LIQ-7/LIQ-11-R:C:E 226154 PH


District Director
U.S. Customs Service
200 East Bay Street
Room 121
Charleston, South Carolina 29401

RE: Protest 1601-95-100016; Extension of Time for Liquidation; Deemed Liquidation; Marking Duties; 19 CFR 159.12; 19 U.S.C. 1304(f); 19 U.S.C. 1504; 19 U.S.C. 1514

Dear Madame:

The above-referenced protest was forwarded to this office for further review. Our decision follows.


According to the file and Customs records, on May 27, 1993, the importer entered certain merchandise (woven area rugs). On the same date (May 27, 1993), Customs issued a Notice to Mark and/or Notice to Redeliver to the importer in which it was stated (in the Remarks/Instructions/Other Action Required of Importer block) that "Country of Origin Marking ‘The Pride of Turkisch Industries' is not acceptable. Rugs need proper C/O marking. Marking must be on rugs and not just packaging." In the Action Required of Importer block, it was indicated that "Customs supervision of marking or other corrective action not required.
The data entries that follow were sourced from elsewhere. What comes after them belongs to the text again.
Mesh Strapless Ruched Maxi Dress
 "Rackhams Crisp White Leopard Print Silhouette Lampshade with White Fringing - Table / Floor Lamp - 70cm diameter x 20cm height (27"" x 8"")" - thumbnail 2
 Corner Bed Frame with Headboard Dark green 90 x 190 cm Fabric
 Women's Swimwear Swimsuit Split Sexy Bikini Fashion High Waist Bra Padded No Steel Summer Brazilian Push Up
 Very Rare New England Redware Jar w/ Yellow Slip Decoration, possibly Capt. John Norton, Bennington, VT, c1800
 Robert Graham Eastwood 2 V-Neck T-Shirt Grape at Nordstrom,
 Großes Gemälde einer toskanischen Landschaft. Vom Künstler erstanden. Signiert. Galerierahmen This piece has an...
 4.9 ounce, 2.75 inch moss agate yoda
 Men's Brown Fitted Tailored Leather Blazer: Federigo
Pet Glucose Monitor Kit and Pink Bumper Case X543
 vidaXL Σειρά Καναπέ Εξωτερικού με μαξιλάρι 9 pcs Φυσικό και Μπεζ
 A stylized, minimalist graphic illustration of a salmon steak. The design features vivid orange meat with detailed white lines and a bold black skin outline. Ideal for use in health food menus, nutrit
After all merchandise has been brought into conformity with cited statute(s)/regulation(s), complete the certification below and return to Customs ... WARNING: All merchandise must be retained until you are notified by Customs that corrective action is acceptable."

According to the file, by letter of September 8, 1993, the importer sent Customs a copy of a police report "as promised." The police report indicates that the importer stated he had been evicted from a warehouse and that the importer's oriental rugs were dumped outside of the warehouse and that his rugs may have been stolen. The importer suggested that "a case can be made by the US Customs against the landlord ... and the ... Sheriff [regarding the rugs]." The importer provided identifying data regarding the alleged eviction.

There is an October 7, 1993, letter in the file from a person identified as an employee of the protestant to Customs "respectfully request[ing] an extension of time to get this importer to pay their duties." In this letter it is also stated "[a]s you can see from the attached documents, this case will take some time to unravel ... [the importer] is willing to pay the duties, but needs more time, as his receivables are just beginning to come in." Attached to this letter is an October 6, 1993, letter from the importer to the employee of the protestant stating that copies of the Customs marking notice, the September 8, 1993, letter, and the police report are provided and also stating that the importer "trust[s] that the above information is sufficient for you to make a decision as to the proper arrangement that can be worked out on the outstanding amount owed by [the importer]."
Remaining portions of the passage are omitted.